***** Input material *****

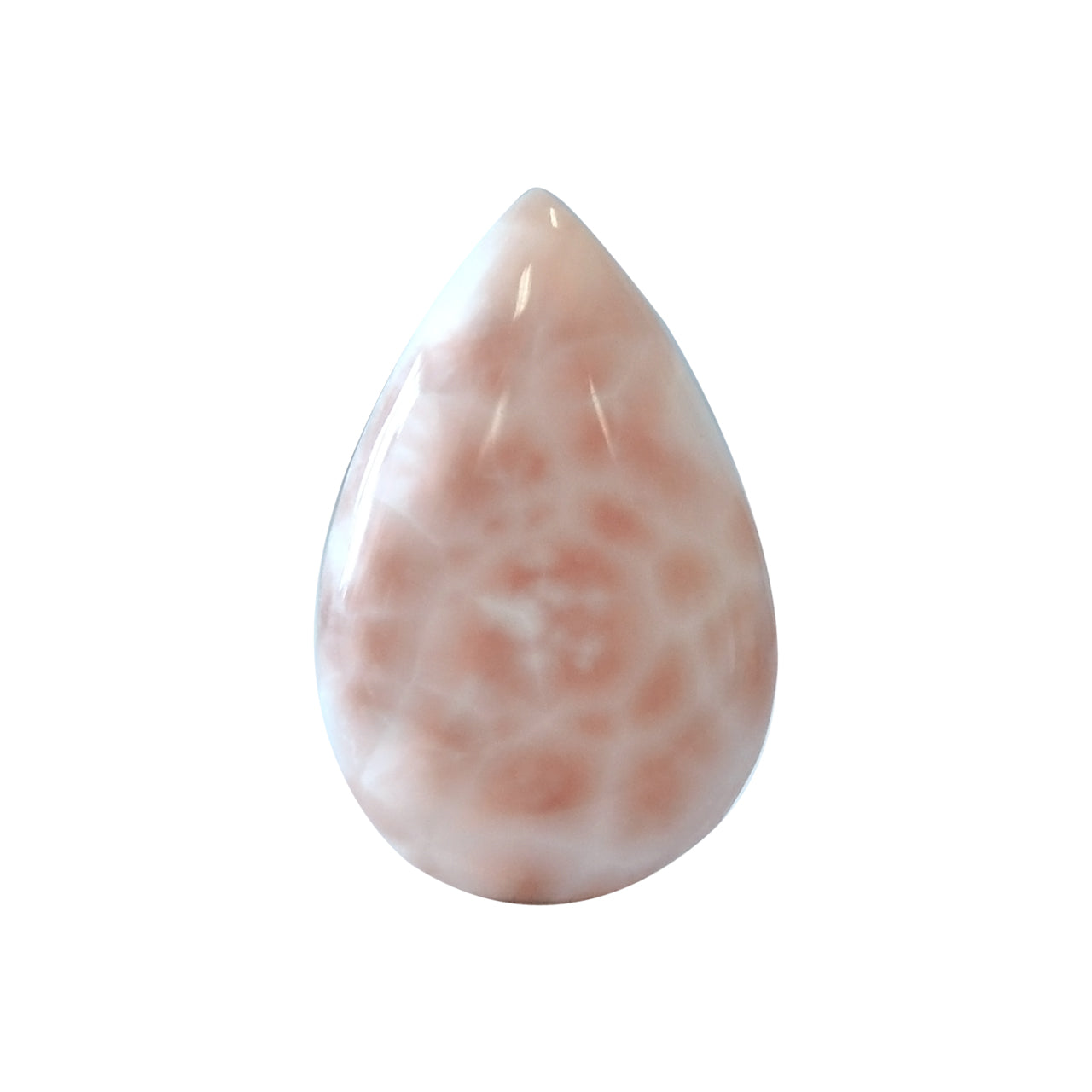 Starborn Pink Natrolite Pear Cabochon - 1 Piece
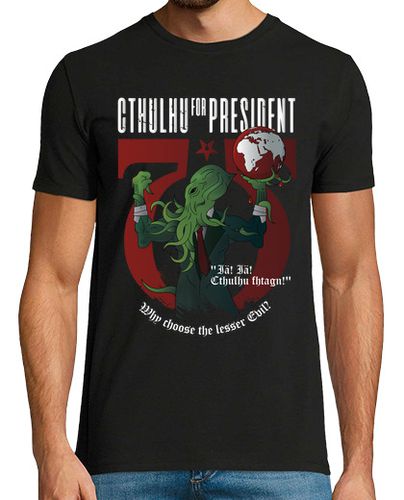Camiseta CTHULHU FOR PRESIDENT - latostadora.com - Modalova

*****
***** Input material *****

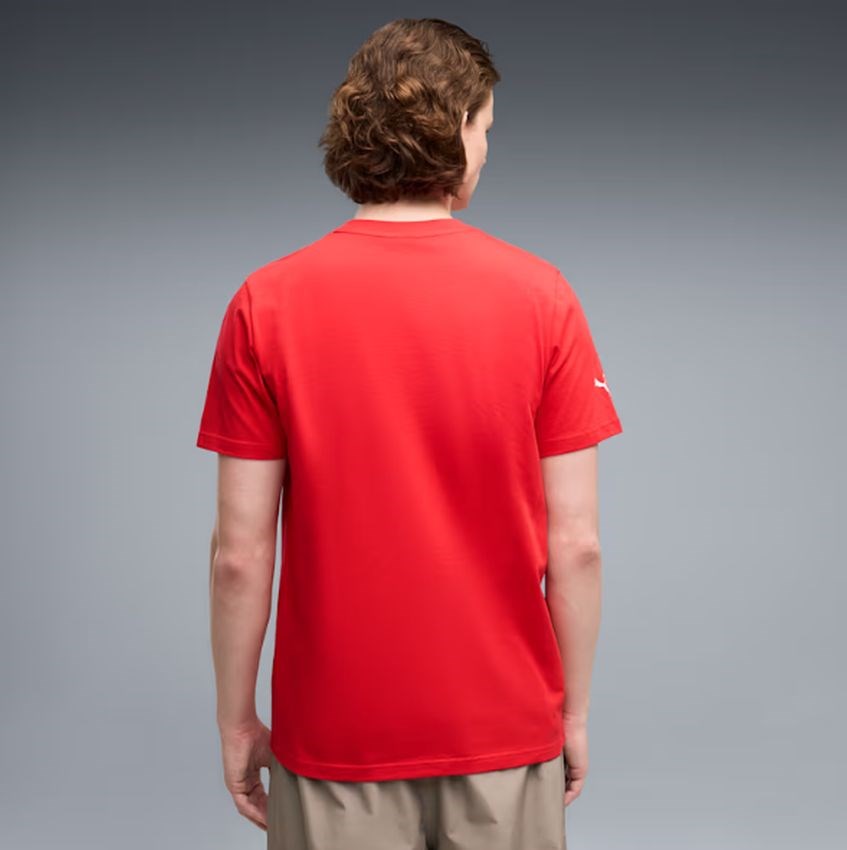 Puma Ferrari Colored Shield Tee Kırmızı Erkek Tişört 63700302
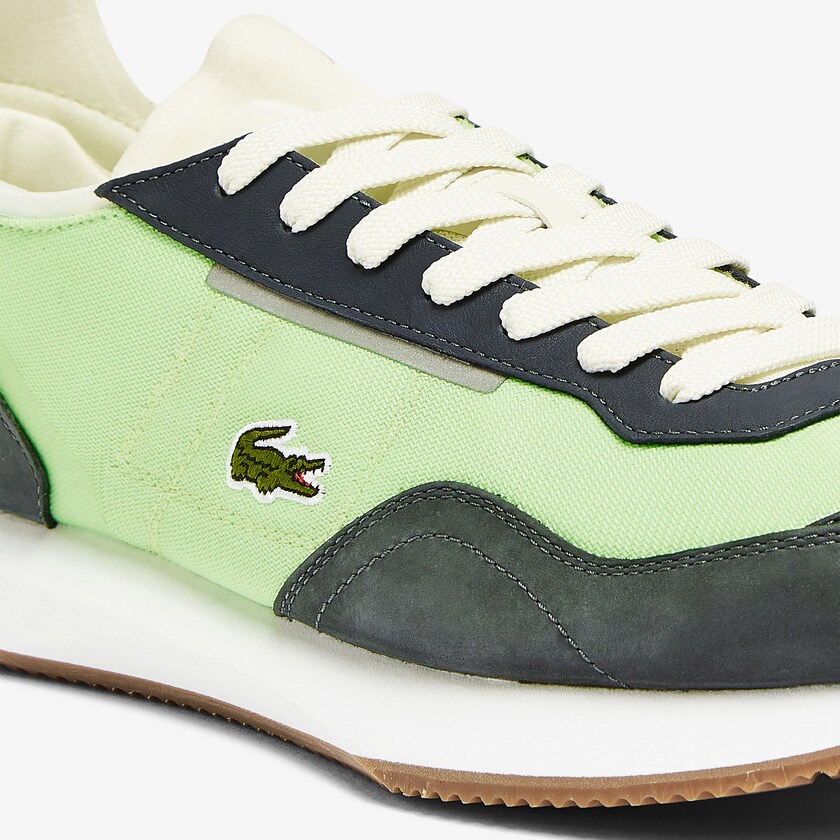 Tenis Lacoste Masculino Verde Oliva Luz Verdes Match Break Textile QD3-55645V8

*****
***** Input material *****

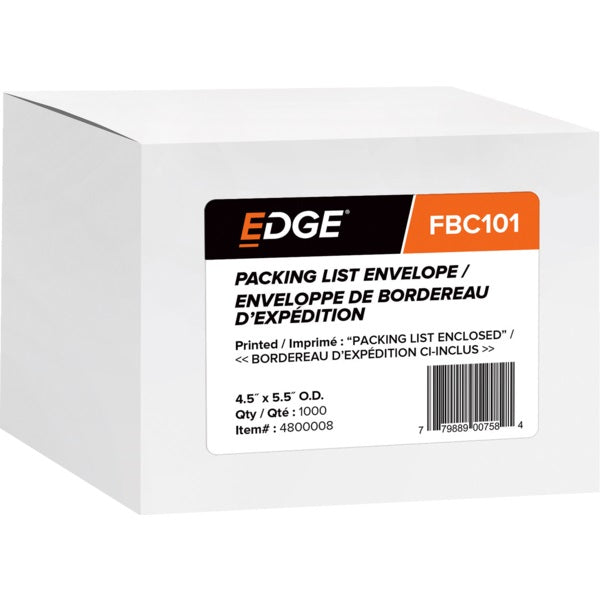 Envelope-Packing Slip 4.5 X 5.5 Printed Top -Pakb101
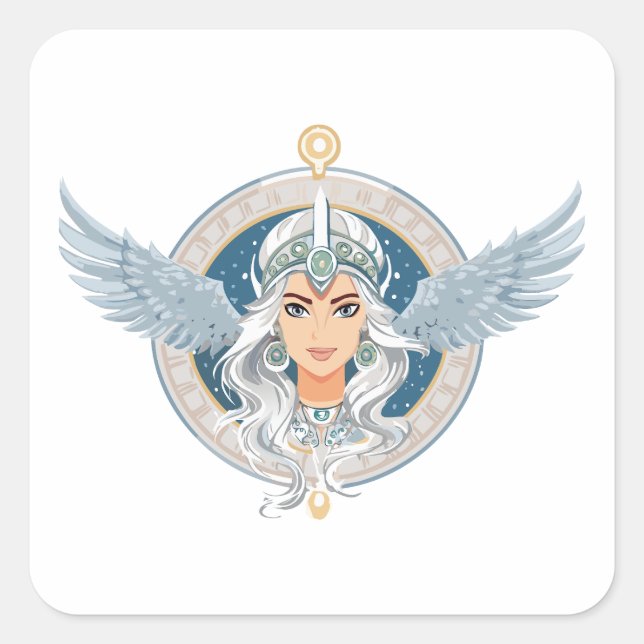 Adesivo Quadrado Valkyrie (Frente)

*****

__Work instruction__.
Within the listing above, find the line containing "Envelope-Packing Slip 4.5" and the line containing "Adesivo Quadrado Valkyrie (Frente)". Transcribe them and everything between them exactly, leaving out the pictures.

__Finished exercise__.
 Envelope-Packing Slip 4.5 X 5.5 Printed Top -Pakb101
 Adesivo Quadrado Valkyrie (Frente)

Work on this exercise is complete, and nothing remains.